▶ Work to be completed
Reproduce exactly, from the data that follows, the line with "Cookies Haze. Week 9", the line with "1687368529187052.jpg 8.jpg", and every line that lies between them.

▶ Information shown
---
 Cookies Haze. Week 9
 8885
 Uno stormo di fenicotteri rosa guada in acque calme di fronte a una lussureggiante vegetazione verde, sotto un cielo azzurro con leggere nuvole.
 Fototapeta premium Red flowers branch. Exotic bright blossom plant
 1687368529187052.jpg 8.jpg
---
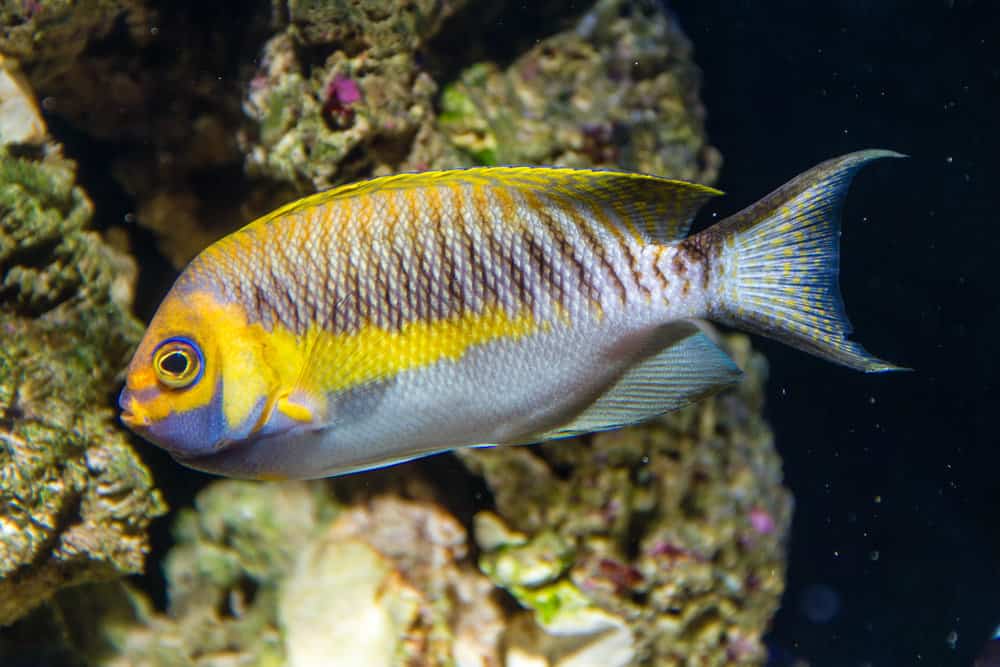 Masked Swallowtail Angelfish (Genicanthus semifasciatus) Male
---
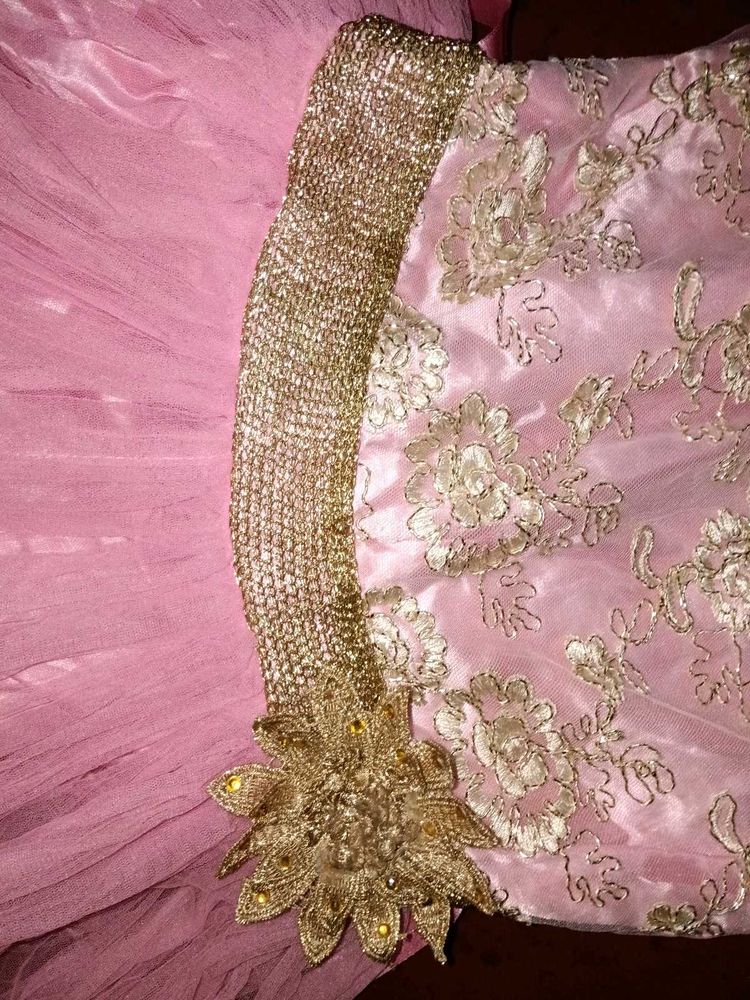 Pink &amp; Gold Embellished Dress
---
▶ Finished exercise
 Cookies Haze. Week 9
 8885
 Uno stormo di fenicotteri rosa guada in acque calme di fronte a una lussureggiante vegetazione verde, sotto un cielo azzurro con leggere nuvole.
 Fototapeta premium Red flowers branch. Exotic bright blossom plant
 1687368529187052.jpg 8.jpg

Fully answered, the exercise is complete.